Saya ingin menutup potret tradisi gila baca ala ulama ini dengan kisah yang paling memotivasi saya, yaitu kisah yang diceritakan oleh Al-Hafizh dalam bukunya al-Hayawan. Beliau berkata bahwasanya ia pernah mendengar bahwa al-Lu’luai berkata, “Selama 40 tahun, aku tidak tidur siang ataupun tidur malam, serta tidak beristirahat sambil bersandar kecuali ada sebuah buku yang tergeletak di atas dadaku”

Potret di atas merupakan sedikit dari sekian banyak potret ulama yang mengabdikan diri nya untuk benar-benar serius menunut ilmu. Bahkan tidak sedikit dari mereka yang tidak sempat menikah atau mengurusi keluarganya karena lentera semangat menuntut ilmu yang tak pernah padam bahkan sampai hembusan nafas terakhir.

Sebagai umat Islam yang mewarisi risalah nabi, sudah seharusnya kita meneladani para ulama dalam menuntut ilmu. Terlebih, islam adalah satu-satunya agama yang sangat menghargai ilmu dan memberikan perhatian penuh atas hal tersebut. Terdapat ratusan hadis telah menjelaskan tentang keutamaan menunut ilmu yang dapat teman-teman temui. Bahkan wahyu pertama Rasulullah Saw. adalah perintah membaca (surat al-‘Alaq : 1-5).

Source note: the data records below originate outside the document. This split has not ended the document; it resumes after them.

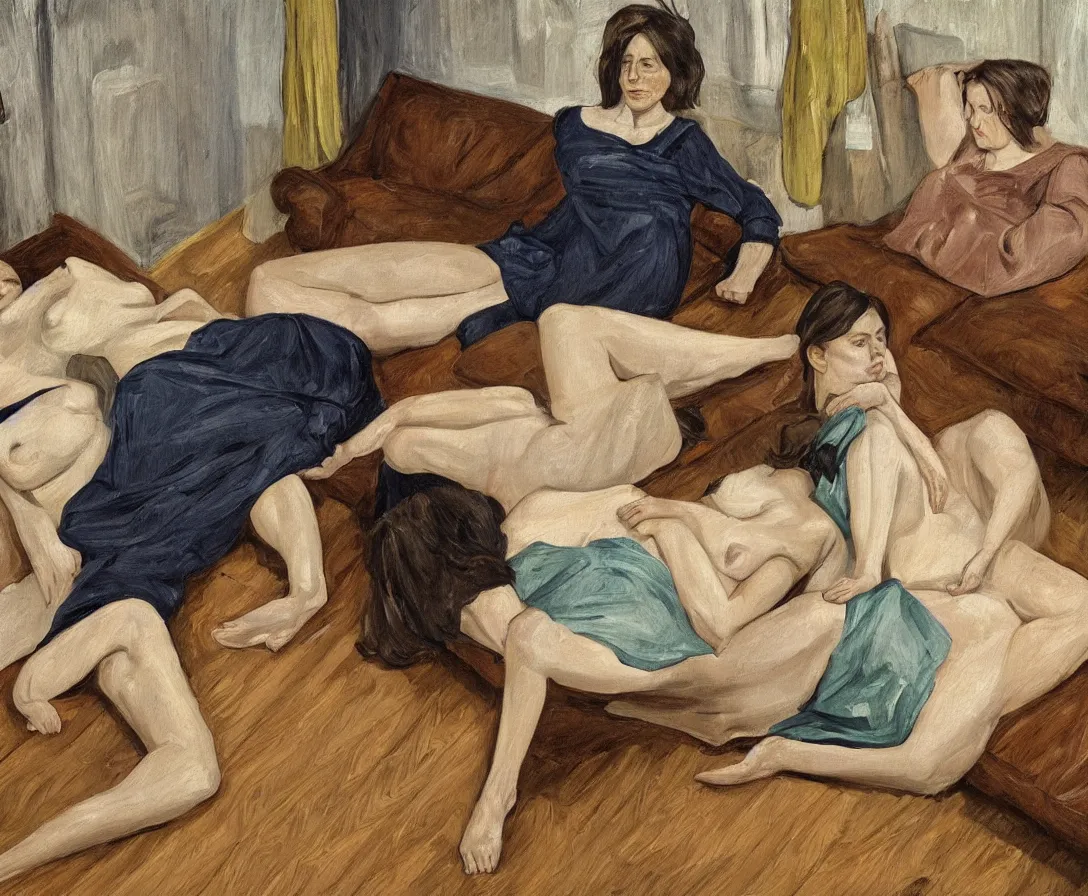 Image similar to portrait of two women lying horizontal, in an empty old english apartment with wooden floor on a brown leather sofa. one is wearing a dark blue sweather, the other a white shirt. brown hair, they are looking into the camera. wide shot. in the style of lucien freud. oil painting. green mood. isometric perspective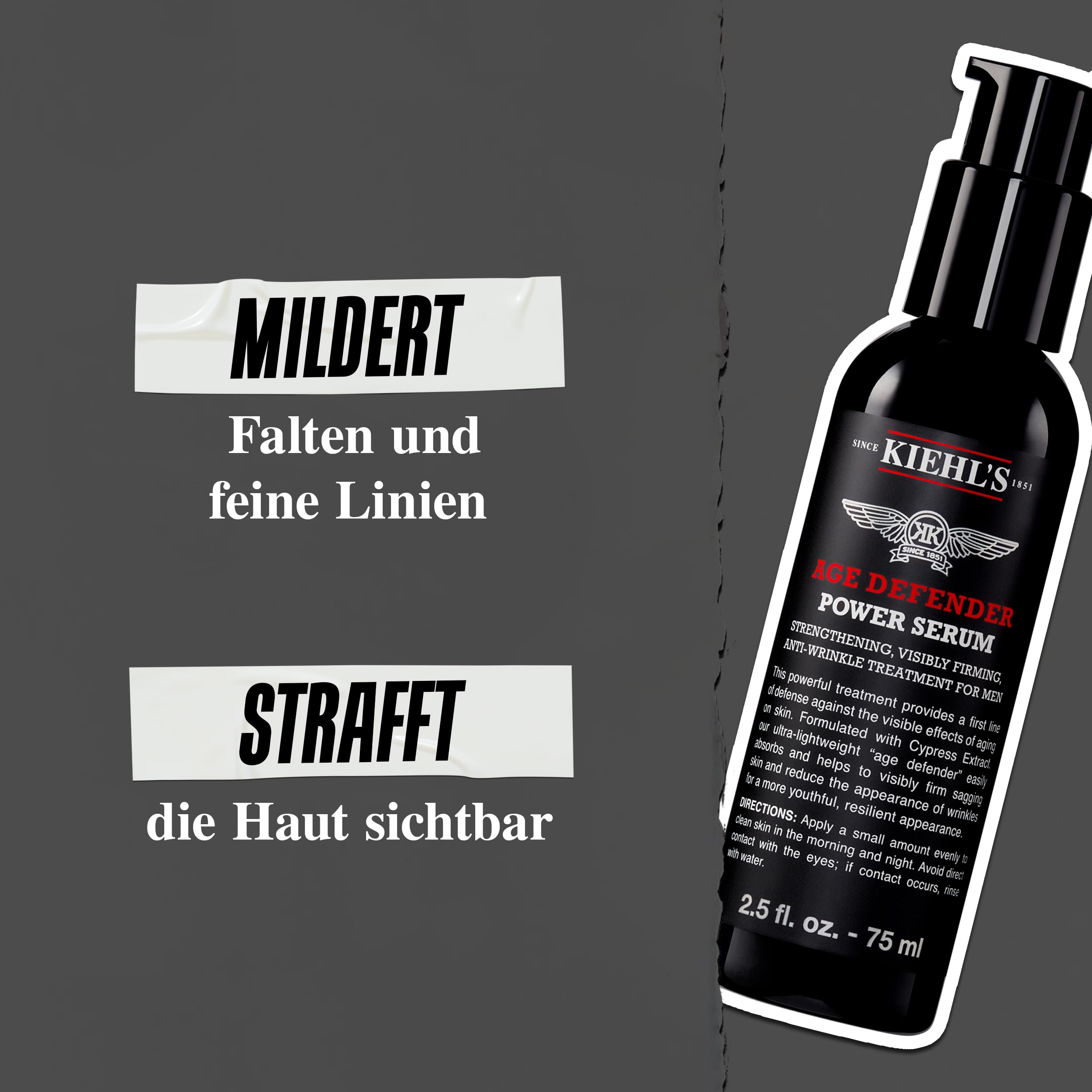 KIEHL'S Age Defender Power Serum, 75 ml, kräftigendes Anti-Aging-Serum für reife Männer-Haut, festigendes und Falten milderndes Pflegekonzentrat mit Zypressen-Extrakt, für alle Hauttypen geeignet | Herren Gesichtsserum für feine Linien - Mit Zypressen-Ext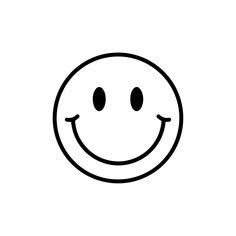 a black and white drawing of a smiley face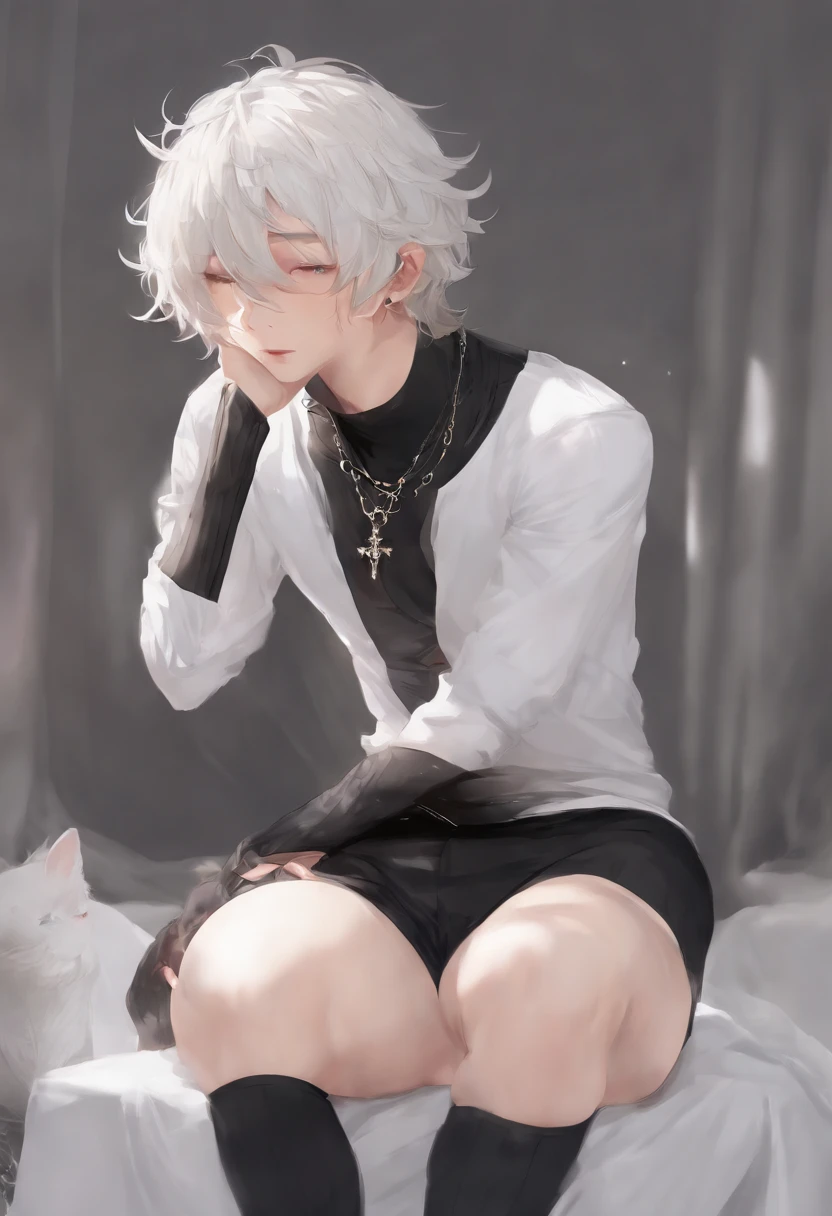 masculine hair, SHOTA, 1boy, FEMBOY, MEN, BOY, (masterpiece), best quality, expressive eyes, perfect face, small body, blush, huge ass, short hair, medium length boy's white hair, white cat ears, black stockings, black thigh high stockings, black pullover, light blue eyes, white little angel wings, black small briefs, lump between legs, head on, black pullover, fluffy hair, flat chest, medium length hair, black choker, hair clip color pink, even bangs, very short hair, HAIR COLOR WHITE, gender male, hair boy, flat chest, white hair, boy hair, boy's white disheveled hair, 1boy, dark gray sneakers, waist-length shirt, main character male, huge ass, black pullover, white cat ears, huge ass, giant thighs, white cat ears, fitted pullover, black panties, only black clothes, hole between the thighs, tight long stockings, erection, circular ass, Small waist, small curves, big butt, underpants smaller than the ass, short pullover, tight clothes, boy, men, big fat thighs, aesthetic, round big thighs, little angel wings, cute light blue eyes, black pullover, very light skin, highly detailed, ass and thighs bigger than body, black socks, BOY, child. ???, MEN, male character, 1 character, 1 person, tiny curves, tiny hips, giant thighs, corean hair, perfect bangs with the left part uncovered, very flat chest, cute huge thighs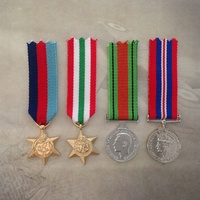 1939-45 STAR, ITALY STAR, DEFENCE + 39-45 WAR MEDAL SET | GOLD TONE | MINI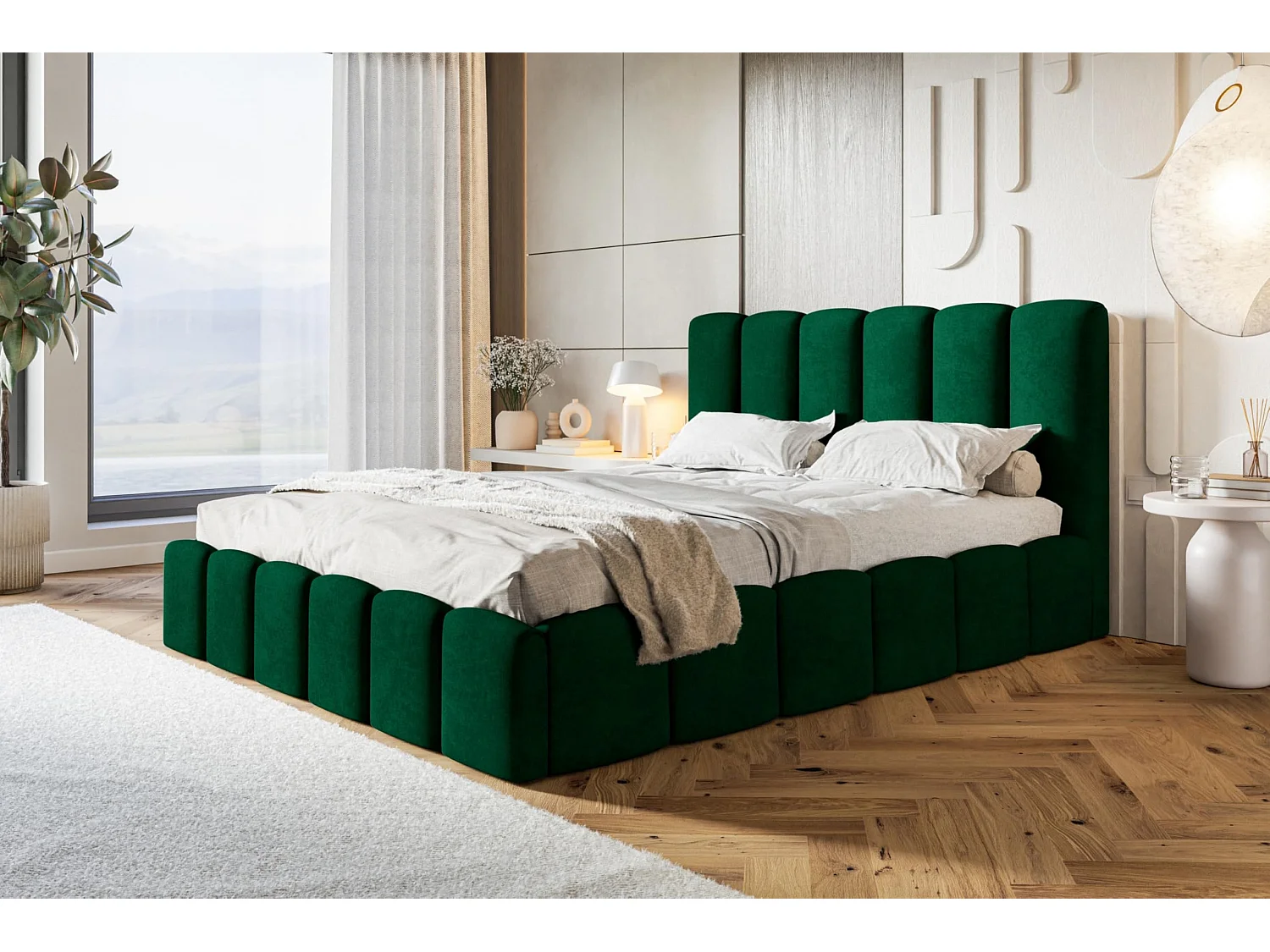 Lit 120x200 - Lit Coffre de Rangement Moderne - Cadre en Métal - Modern Betten Kronos Lisse -Collection Lucy - Vert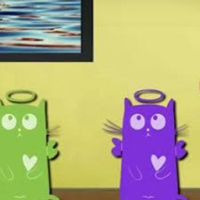 Free online html5 games -  8bg Cat Couple Escape game 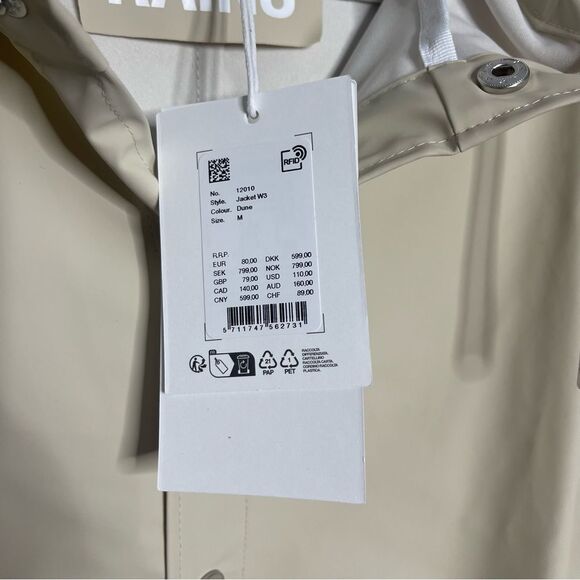 RAINS NWT SNAP FRONT RAIN JACKET MEDIUM - Picture 8 of 10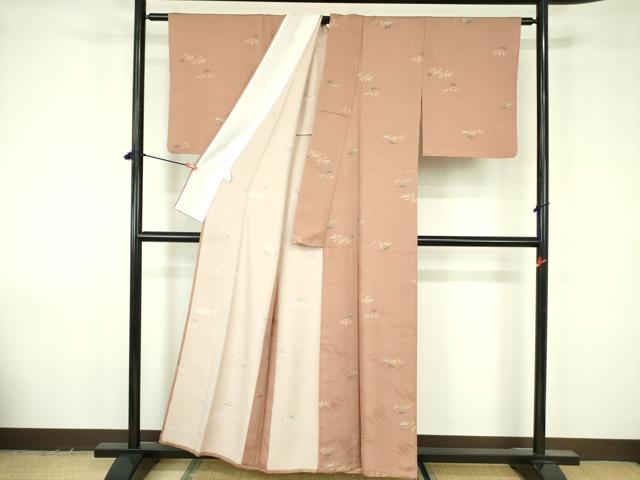 平和屋着物▽小紋 単衣 流水笹の葉文 さんび謹製 洗える着物 DABF3646op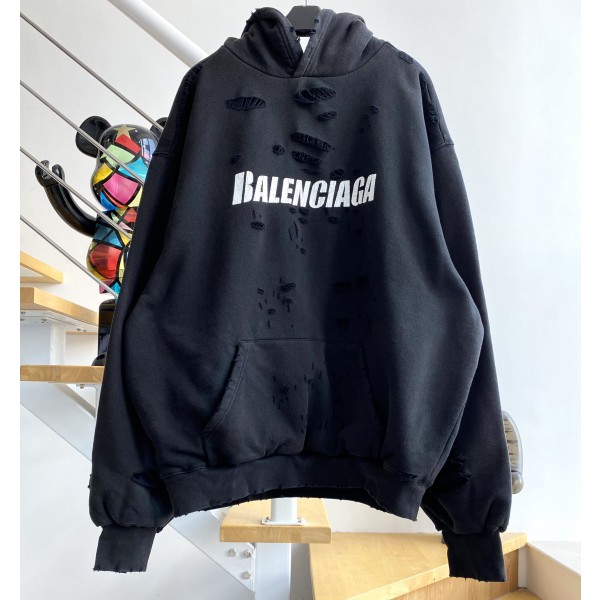 [계단집] 발렌시아가 흰색 모노그램 대미지 후드티 블랙 balenciaga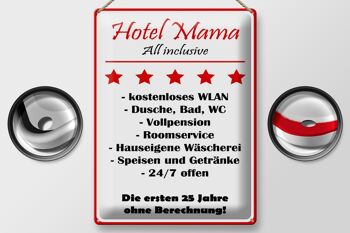 Plaque en tôle disant 30x40cm Hotel Mama blanc-rouge 2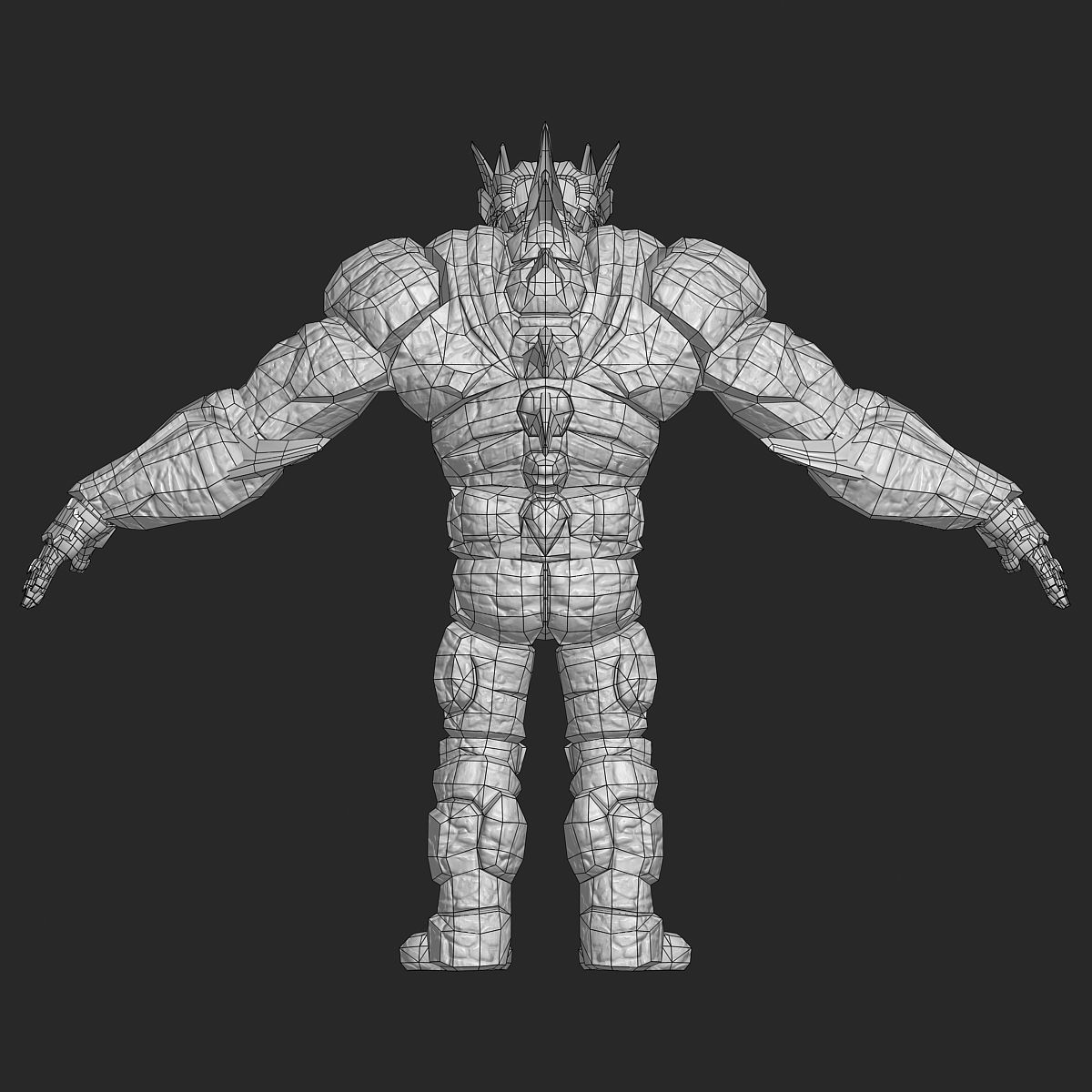 Volcanic Stone Golem Game MMO RPG Character Low-poly 3D model_24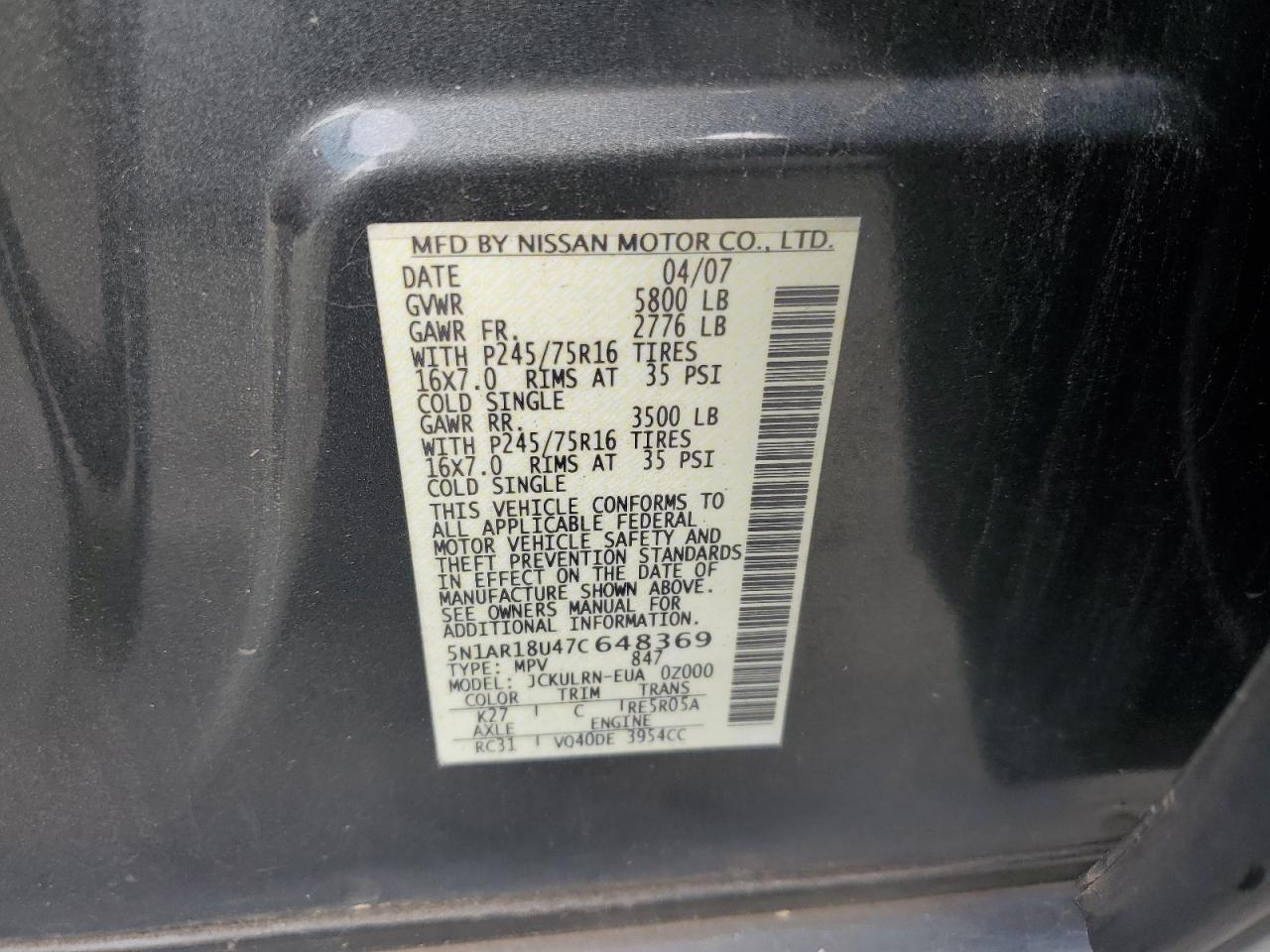 2007 Nissan Pathfinder Le VIN: 5N1AR18U47C648369 Lot: 58533605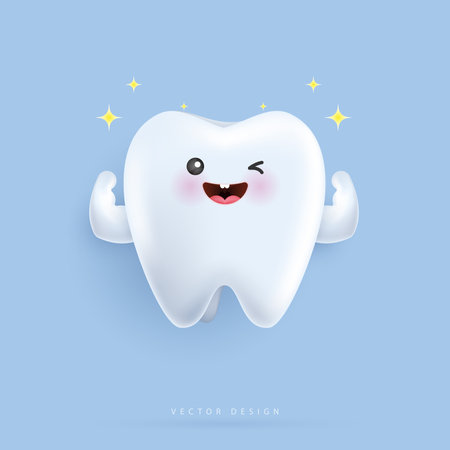 Realistic happy tooth vector illustration. cartoon dental character. cute dentist mascot. oral health and dental inspection teeth. medical dentist tool. vector design.のイラスト素材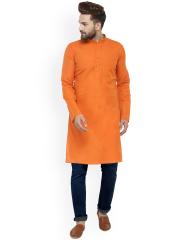 Jompers Men Orange Solid Straight Kurta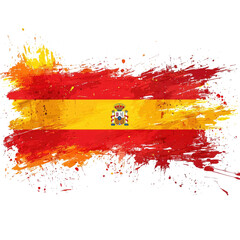 A stylized depiction of the Spanish flag with a paint splash effect.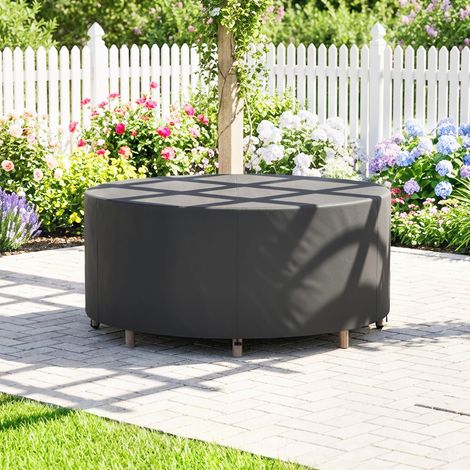 Housse de protection pour mobilier de jardin, résistante à l'hiver, imperméable et anti-UV, en tissu Oxford 420D, Ø 214 x 70 cm (H), noire (1/5)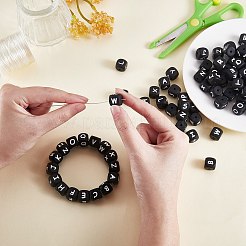 20 Uds. Cuentas de silicona con letras de cubo negro&nbsp;JX433K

Maka ketika kita membaca buku, jangan jadikan hal tersebut sebagai beban, melainkan jadikanlah hal tersebut sebagai ibadah dan bentuk ketaqwaan kita kepada Allah Swt. Yakinlah bahwa di setiap huruf yang kita baca bernilai pahala di sisi Allah Swt. Sebagai bekal kita menjemput rahmat-Nya di Surga.